Isn’t that the pot shop not the machine shop??? :rofl: :rofl: :rofl:

3 Likes

OMG there are two Simplex car companies. Crane - Simplex of NY was the bigger and better known of the two. Also built some large 4 cylinder cars including:
1909 90 HP Tourabout - large 11 liter straight four engine, with 90 horsepower (67 kW) and 3 valves per cylinder

1 Like

It took more than a week (including taking off for 4 days to allow back, knees and shoulder to heal) but I have completed the installation of X-Mat in the seating cabin of my series III.

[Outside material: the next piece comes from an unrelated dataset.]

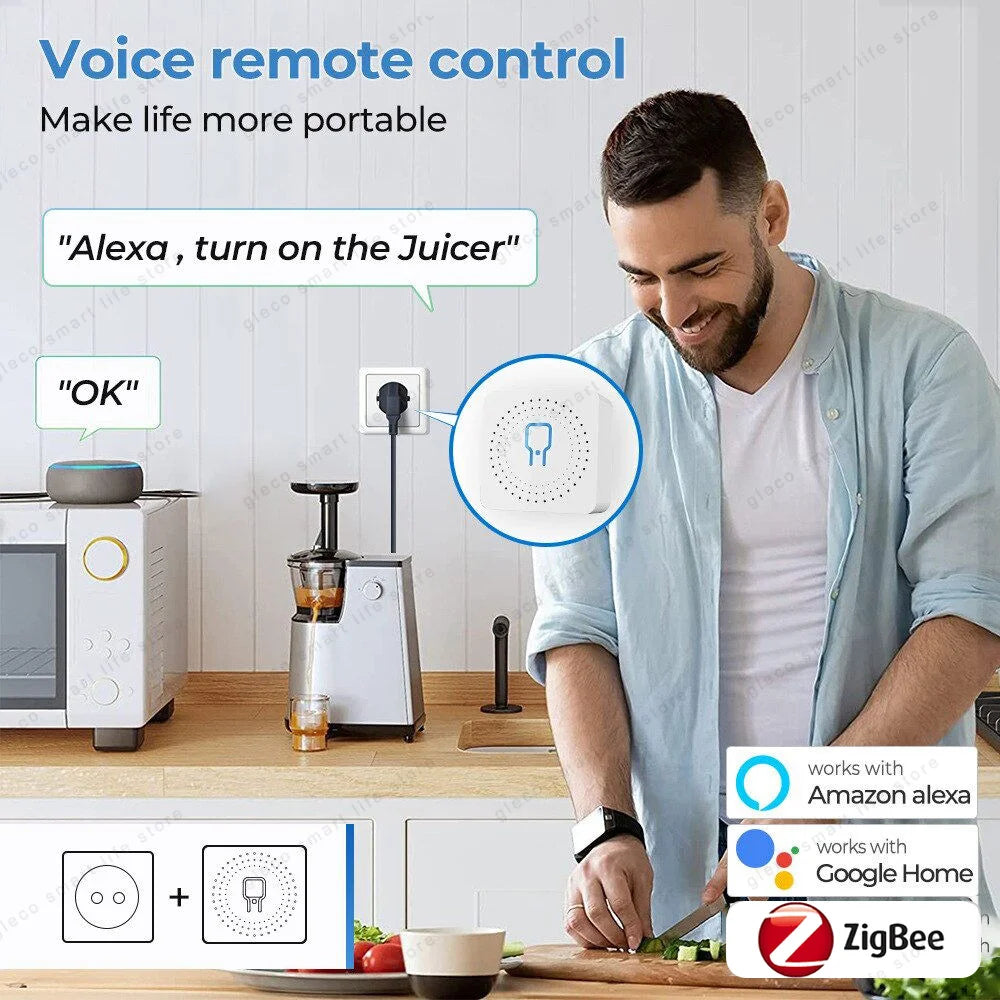 Tuya Zigbee 3.0 16A Smart Mini Switch Module DIY 2 Way Control 1/2CH Smart Home Relay Automation Breaker For Alexa Google Home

I still have a fair bit of X-Mat left over and am considering applying to the cubby box area behind the seats; in the areas where the scissors and stuff is laying in first and second photo.

Pros

  • The X-Mat is paid for - use it
  • Probably the easiest areas to apply the stuff
  • Adds a ~small~ bit of additional heat/noise protection

Cons

  • Not a lot of heat coming from that area
  • There is a heat shield in the cradle where the IRS lives
  • Yeah, it’s paid for, but seems a waste

Anyone done it? or more usefully, anyone NOT done it and then lived to regret it?

Follow on Q: Does this stuff do any good if applied inside the door skin? Will I get the ‘clunk’ sound of a door on a Rolls being closed?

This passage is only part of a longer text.